Первые годы соседи и не заметили оплошности. Но уже в 1760 и в 1761 годах Мосолов жаловался горному начальству на Демидова о том, что тот хочет завладеть его лесами до 15 верст в глубину. По предписанию Берг-коллегии оренбургскому начальству, для разбора дела были посланы унтер-шихтмейстеры Метенев и Бортников. На этот раз было признано право Златоустовского завода.
В 1780 году уже Демидов жаловался на своего нового соседа Лариона Лугинина, купившего завод у Мосоловых, что он перекупил у башкир землю, принадлежащую ему, Демидову.
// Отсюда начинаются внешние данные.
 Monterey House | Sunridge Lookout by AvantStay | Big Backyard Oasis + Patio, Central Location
Исетская провинциальная канцелярия подтвердила право Демидова на владение лесами. Дело не дошло до большого.
24 августа 1781 года Ларион Лугинин писал Демидову:
«Милостивый государь, Никита Никитыч!
От 12 августа Ваше приятное писание, с истинным моим почтением, имел честь получить; к Ахметову от меня точно писано, чтобы за речку Киалим числить грани полторы и о том прикащикам вашего благородия объявить о миролюбивом нашем положении, а ныне и вторично о том же писать непременно буду; я же прибуду с истинным моим почтением Вашего благородия милостивого государя, покорный слуга Ларион Лугинин».
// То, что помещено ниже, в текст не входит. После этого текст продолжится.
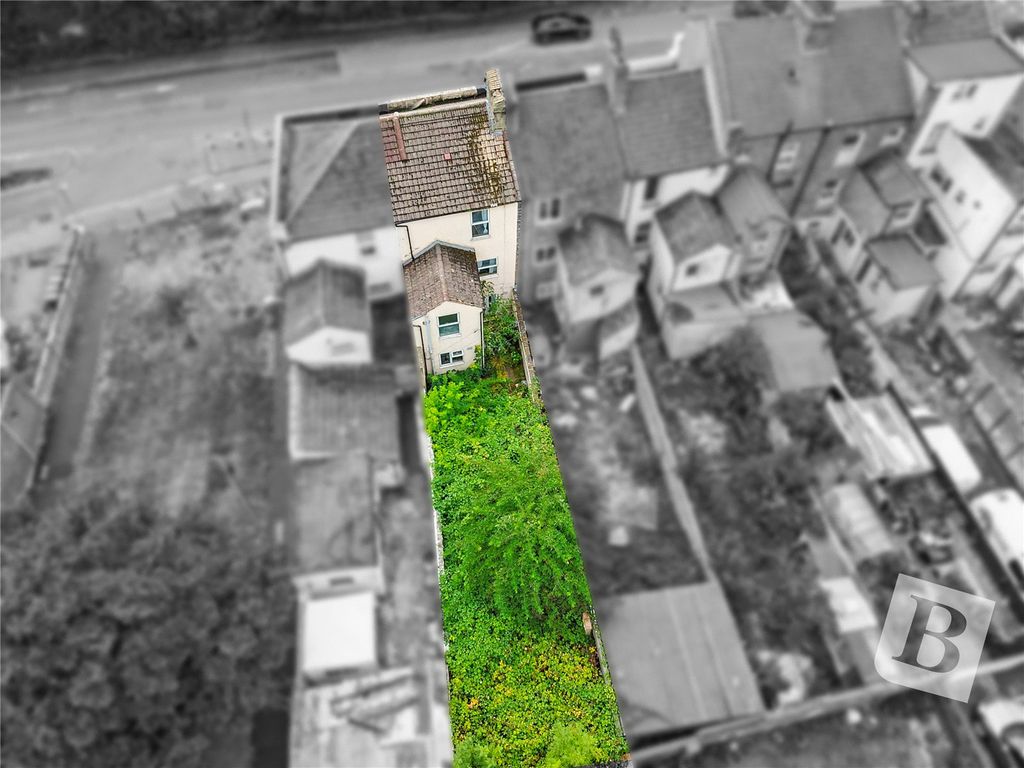 Property photo 3 of 6 Picture No. 11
Таким образом, на этот раз дело кончилось полюбовно. Время шло. Заводы Демидова перешли во владение купца Расторгуева. В 1794 году произошло событие, резко обострившее отношения соседей. В официальной переписке оно выглядело так:
«В 1794 году Кыштымского завода дворянина Никиты Демидова (ныне купца Расторгуева), заводскою конторою, на месте, называемом Киалимским, назначен был на годовое заводское действие дровосек и нарублены Демидова иждивением дрова, а Златоустовского завода Лугининых контора, почитав сие место и леса принадлежащими тому заводу, увезла из нарубленных дров из складенных куч обыкновенной заводской меры более 4000 коробов угля, отчего от одной стороны на другую жалобы».
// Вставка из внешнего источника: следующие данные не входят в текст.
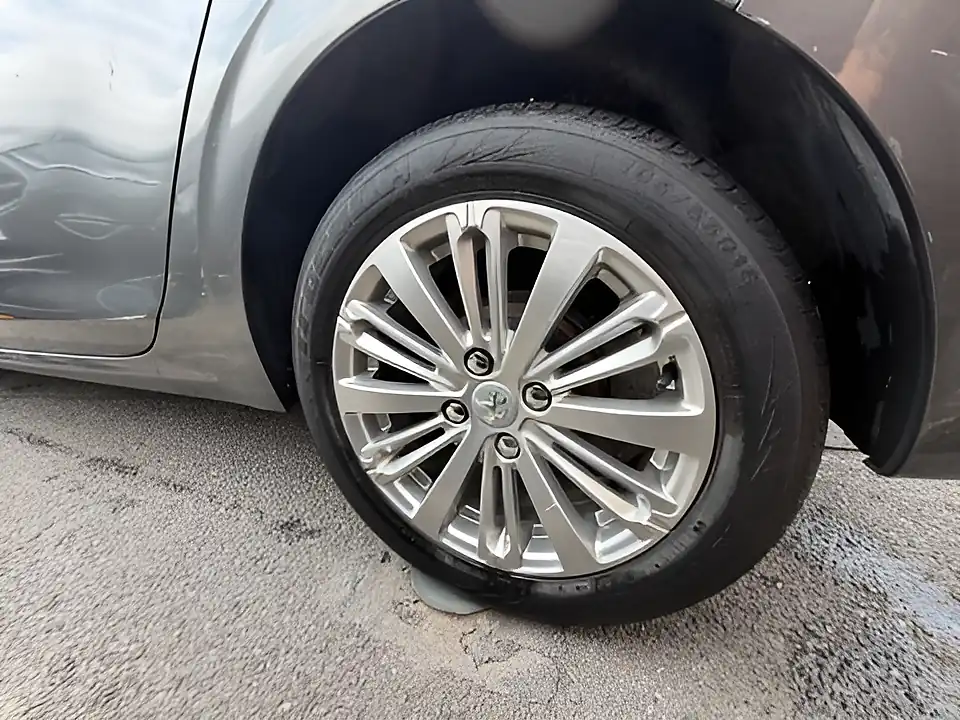 Used 2005 Peugeot 208 Signature Grey - Interior and Exterior details 14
В 1801 году новый владелец Златоустовского завода именитый московский купец Андрей Кнауф подал прошение в Берг-коллегию с жалобой, признавшей право на Киалимский участок за Кыштымским заводом. В ответ Берг-коллегия определила:
«Показанное спорное место в 120 квадратных верстах, значащееся в плане под литерою А, заключающее все пространство от горы Миасса по речкам Большому и Малому Киалиму по устье, где Киалим впала в реку Миасс, выключа из Златоустовского четырехугольника, оставить принадлежащим к Кыштымским заводам».